Some carbide tools have an up-turned lip, they are actually cutting tools (not scrapers). Again, you need to rotate the carbide bit to an unused portion to get the sharpest possible edge (or switch to an unused cutter).

In both cases, you have to take incredibly light shavings. If you're getting dust, it means you need a sharper edge. You should aim for translucent fine ribbons.

As Barry said, a freshly sharpened bowl gouge is reckoned to be the best tool -- but it takes experience to get it sharp, and it takes experience to get the tool presentation right. And just like Barry, I'm still on the learning curve.

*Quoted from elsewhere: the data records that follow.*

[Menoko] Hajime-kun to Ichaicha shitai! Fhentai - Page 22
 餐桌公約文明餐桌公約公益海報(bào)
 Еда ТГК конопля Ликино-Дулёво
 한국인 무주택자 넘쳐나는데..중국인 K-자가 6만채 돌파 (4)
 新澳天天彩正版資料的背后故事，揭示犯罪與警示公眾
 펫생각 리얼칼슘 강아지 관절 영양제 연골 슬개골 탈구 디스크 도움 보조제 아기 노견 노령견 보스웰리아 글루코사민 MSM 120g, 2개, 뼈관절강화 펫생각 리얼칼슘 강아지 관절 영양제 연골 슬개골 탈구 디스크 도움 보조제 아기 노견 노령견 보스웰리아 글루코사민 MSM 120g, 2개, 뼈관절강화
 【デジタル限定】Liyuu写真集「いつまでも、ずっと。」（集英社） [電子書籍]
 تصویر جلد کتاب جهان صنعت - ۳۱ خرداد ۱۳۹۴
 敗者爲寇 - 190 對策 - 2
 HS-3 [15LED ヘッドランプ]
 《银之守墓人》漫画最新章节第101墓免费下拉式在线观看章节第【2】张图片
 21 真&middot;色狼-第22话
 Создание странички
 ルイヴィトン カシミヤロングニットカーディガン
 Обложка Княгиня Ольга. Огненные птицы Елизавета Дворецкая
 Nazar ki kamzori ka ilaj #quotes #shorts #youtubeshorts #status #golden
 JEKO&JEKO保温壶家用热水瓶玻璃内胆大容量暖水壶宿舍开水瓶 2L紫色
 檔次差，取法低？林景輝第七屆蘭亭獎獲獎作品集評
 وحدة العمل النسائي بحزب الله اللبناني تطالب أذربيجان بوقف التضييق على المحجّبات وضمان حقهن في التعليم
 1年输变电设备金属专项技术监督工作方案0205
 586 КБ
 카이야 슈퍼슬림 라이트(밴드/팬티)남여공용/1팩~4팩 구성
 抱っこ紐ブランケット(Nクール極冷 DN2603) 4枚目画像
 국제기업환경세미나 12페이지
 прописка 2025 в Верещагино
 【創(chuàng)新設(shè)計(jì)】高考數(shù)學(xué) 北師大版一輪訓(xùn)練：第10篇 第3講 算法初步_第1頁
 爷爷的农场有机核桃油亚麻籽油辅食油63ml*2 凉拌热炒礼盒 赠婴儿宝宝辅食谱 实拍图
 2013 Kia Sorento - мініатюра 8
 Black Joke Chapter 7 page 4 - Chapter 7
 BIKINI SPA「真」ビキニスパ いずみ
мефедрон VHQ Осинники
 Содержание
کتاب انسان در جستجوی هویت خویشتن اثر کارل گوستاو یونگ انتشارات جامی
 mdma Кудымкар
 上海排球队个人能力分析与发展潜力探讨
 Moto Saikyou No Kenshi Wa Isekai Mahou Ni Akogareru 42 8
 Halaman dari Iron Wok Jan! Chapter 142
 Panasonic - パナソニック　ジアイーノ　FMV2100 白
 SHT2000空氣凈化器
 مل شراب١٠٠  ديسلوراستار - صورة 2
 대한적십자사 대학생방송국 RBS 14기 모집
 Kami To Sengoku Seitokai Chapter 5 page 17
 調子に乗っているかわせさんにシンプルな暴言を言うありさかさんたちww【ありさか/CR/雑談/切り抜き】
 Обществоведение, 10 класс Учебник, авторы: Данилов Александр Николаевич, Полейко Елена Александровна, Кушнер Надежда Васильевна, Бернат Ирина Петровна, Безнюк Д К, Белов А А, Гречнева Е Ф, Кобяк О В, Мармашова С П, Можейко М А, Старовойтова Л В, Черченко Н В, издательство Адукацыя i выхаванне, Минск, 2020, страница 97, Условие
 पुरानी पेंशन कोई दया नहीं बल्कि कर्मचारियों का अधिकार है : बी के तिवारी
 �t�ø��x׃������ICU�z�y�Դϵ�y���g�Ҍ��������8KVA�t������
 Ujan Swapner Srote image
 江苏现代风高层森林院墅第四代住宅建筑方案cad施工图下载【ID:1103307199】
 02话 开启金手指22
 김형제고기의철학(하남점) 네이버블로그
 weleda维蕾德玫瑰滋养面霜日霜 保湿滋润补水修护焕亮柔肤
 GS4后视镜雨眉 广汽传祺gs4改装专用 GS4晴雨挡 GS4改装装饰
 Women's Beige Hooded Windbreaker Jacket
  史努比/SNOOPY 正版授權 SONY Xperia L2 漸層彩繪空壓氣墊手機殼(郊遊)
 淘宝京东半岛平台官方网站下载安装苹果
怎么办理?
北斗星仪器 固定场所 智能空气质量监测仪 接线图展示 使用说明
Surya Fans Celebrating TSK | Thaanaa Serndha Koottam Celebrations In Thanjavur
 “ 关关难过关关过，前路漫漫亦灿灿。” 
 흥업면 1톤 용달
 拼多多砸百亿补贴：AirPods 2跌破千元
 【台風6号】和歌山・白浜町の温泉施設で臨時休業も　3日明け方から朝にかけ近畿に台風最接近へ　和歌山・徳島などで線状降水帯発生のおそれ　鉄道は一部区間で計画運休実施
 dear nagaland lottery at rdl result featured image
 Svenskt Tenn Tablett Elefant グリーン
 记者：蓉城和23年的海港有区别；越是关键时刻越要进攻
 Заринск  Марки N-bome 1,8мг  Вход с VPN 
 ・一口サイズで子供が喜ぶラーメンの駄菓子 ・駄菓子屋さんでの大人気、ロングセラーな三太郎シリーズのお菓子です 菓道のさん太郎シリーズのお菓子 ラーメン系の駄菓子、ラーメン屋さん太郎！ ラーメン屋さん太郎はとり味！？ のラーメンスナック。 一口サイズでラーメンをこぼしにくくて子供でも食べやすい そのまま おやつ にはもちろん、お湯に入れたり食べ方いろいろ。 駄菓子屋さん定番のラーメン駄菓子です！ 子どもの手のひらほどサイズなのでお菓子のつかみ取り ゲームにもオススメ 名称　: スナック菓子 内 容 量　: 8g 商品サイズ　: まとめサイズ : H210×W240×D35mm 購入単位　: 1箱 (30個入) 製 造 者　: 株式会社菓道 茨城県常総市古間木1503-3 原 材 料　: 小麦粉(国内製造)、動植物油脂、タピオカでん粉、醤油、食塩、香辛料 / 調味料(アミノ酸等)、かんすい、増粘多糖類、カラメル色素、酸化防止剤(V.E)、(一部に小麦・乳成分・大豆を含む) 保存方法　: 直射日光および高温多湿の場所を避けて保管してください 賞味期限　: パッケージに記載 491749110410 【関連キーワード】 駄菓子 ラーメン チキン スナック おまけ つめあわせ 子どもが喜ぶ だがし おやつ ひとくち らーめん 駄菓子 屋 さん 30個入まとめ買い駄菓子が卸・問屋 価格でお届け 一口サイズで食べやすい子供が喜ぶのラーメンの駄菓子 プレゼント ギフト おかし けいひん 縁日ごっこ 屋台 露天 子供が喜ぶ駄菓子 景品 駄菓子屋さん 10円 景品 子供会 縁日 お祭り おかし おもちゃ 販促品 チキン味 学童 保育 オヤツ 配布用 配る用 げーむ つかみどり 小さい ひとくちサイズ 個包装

At the recent symposium in New Hampshire, I talked with Doug Thompson and he told me that a U shaped bowl gouge has an advantage over V shaped gouges for this final smoothing pass on the inside of a bowl. I trust him, and came away with one (okay, that and a spindle gouge I'd been eyeballing ...) but I haven't put it to the test yet.

HTH

Reactions: Like 1 | Agree 2


----------



## ironman123 (Jul 6, 2015)

Good looking bowls. I like them that size.


----------



## manbuckwal (Jul 6, 2015)

That first one is off the charts with all that figure in Joe. I have only made a cpl small bowls myself, and all the sanding takes a lot of the joy out of it, but when they turn out like yours did, it makes it worth it .


----------



## Gixxerjoe04 (Jul 6, 2015)

I bought the wood from a lumber yard back before Christmas to make some presents. It was freezing cold so wasn't paying attention and just grabbed a few and saw the flame but didn't pay attention to all the curl in the blanks, would have bought more.

Reactions: Agree 1


----------



## Gixxerjoe04 (Jul 6, 2015)

Here's how bad the tear out was on a fbe bowl I did a month or so ago, when it's that bad taking small passes takes forever.


----------



## Mike Jones (Jul 6, 2015)

Don't feel like the "Lone Ranger" Joseph. Box Elder is often a real challenge to get clean cuts when dry....much easier to work when still green. If you have a bunch of this dry wood, you can try a wood hardener. I got some at my local ACE Hardware called PC Wood Petrifier that worked like a charm.
Your bowls are Sweeeeet!

Reactions: Informative 1


----------



## APBcustoms (Jul 6, 2015)

box elder gets torn out badly. i got the opportunity to use a bowl gouge at school and learned a sheer cut. it makes a whole world of difference. it still may tear out a little bit but not as badly as carbides do. if you have a round carbide try angling it and doing a shear cut with that it will lessen the tear out but not as well as an bowl gouge


----------



## DKMD (Jul 6, 2015)

Nicely done! Box elder can be tough, so don't feel bad. You've gotten some great advice so far, so I can't add much. Everybody sands and almost everybody hates it!

Reactions: Agree 1


----------



## ghost1066 (Jul 7, 2015)

Has anyone mentioned how bad box elder tears out?  You can turn bowls with carbides and many do which is how I started but I finally broke down and bought a bowl gouge and after threatening to throw it out in the yard I finally learned to use it. One big factor with a gouge is you can ride the bevel on you finishing cuts after getting the gouge scary sharp and it can and will produce a slick finish.


----------



## Jerry B (Jul 8, 2015)

Nice looking bowls, love the grains 

as stated by many above, use a shear cutting (pull cut) to clean up the rough spots, and yes can also be done with carbide tools.
_make sure the carbide is sharp_ or else you're wasting your time.
Also, get some Zinsers Dewaxed Shellac (pinkish colored can), brush it on very liberally, let it dry 15-20 minutes, and turn some more
Sometimes you'll have to use several coats with several cutting passes, but it does work
Water doesn't do any good as it just raises the grain which lays back down when cutting, the shellac seals the wood, and also hardens it

Here's an example showing the Shellac does work, FBE with same tear out issues you have, used the Shellac maybe 5-6 times, applied/dried/turned/re-applied ......
and this was end result (I started sanding this bowl with 220 after final shear scraping)

Reactions: Like 1 | EyeCandy! 1


----------



## NYWoodturner (Jul 10, 2015)

Joe - Lots af good advice so far. The only thing I would add is use a very low angle approach (Traditional gouges) and increase the speed. The faster the wood is turning the less resistance there is to the cut. 
Scary sharp gouge, Jerrys shellac, low angle approach and a fast speed should make your life a lot simpler


----------